- [WHAT THE TASK REQUIRES]:
A word-for-word copy of the listing, free of images, is the expected answer.

[INFORMATION SUPPLIED Boundary: Start]

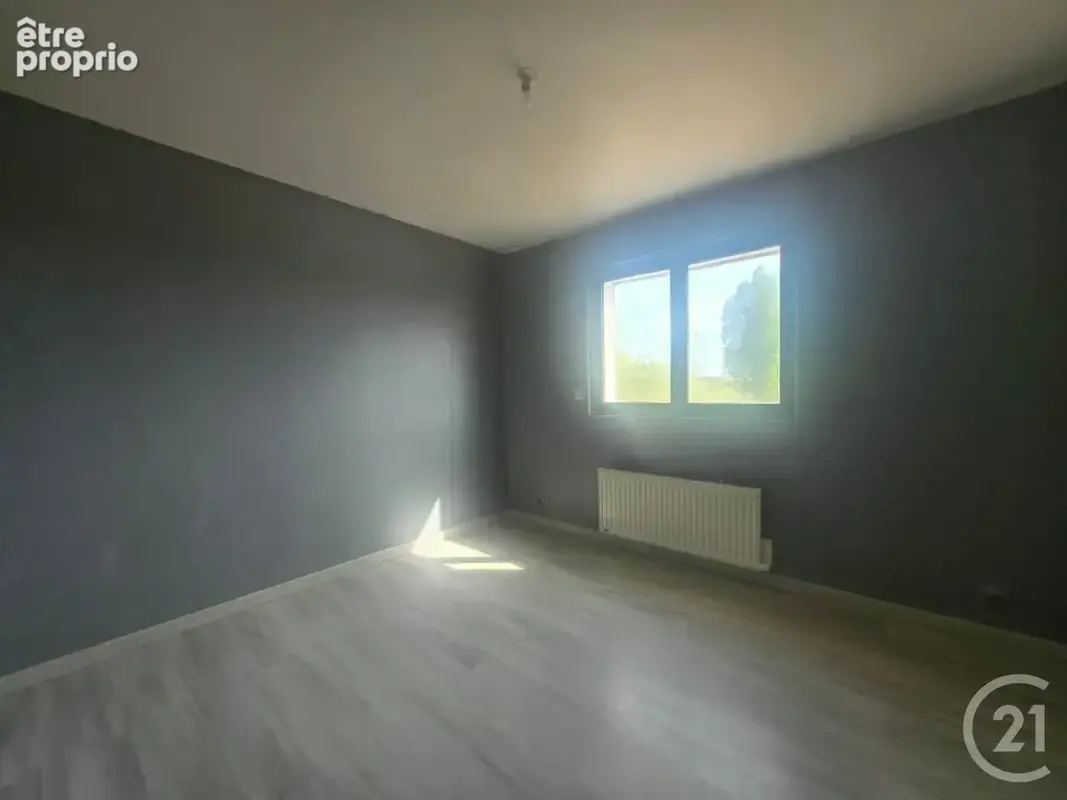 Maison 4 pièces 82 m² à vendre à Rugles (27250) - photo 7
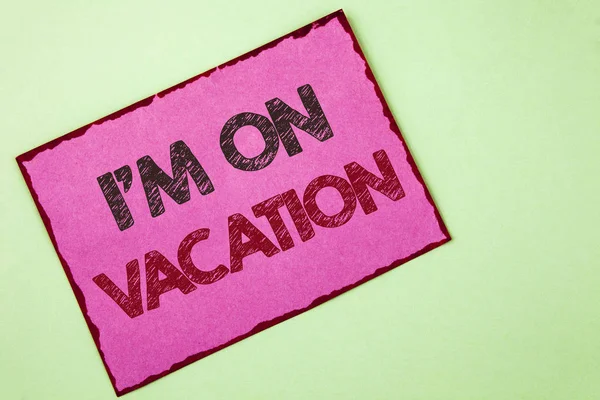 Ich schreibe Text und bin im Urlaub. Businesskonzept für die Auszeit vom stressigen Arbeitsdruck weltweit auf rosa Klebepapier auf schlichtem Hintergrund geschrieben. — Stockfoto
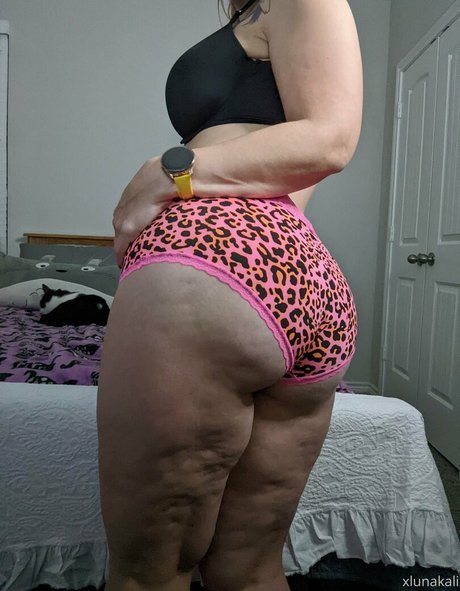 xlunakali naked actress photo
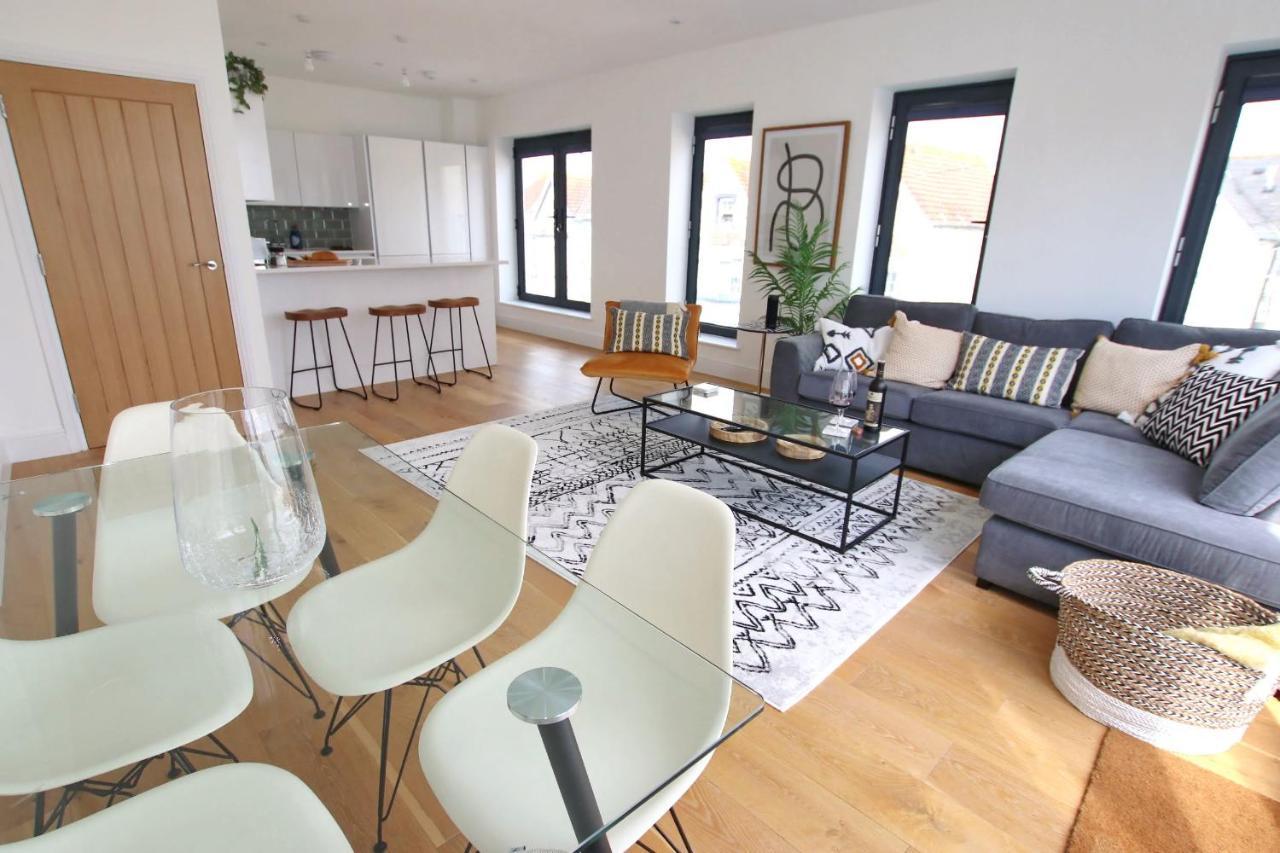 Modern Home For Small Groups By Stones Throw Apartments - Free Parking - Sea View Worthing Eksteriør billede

[INFORMATION SUPPLIED Boundary: End]

- [RESPONSE AREA]:
 Maison 4 pièces 82 m² à vendre à Rugles (27250) - photo 7
 Ich schreibe Text und bin im Urlaub. Businesskonzept für die Auszeit vom stressigen Arbeitsdruck weltweit auf rosa Klebepapier auf schlichtem Hintergrund geschrieben. — Stockfoto
 xlunakali naked actress photo
 Modern Home For Small Groups By Stones Throw Apartments - Free Parking - Sea View Worthing Eksteriør billede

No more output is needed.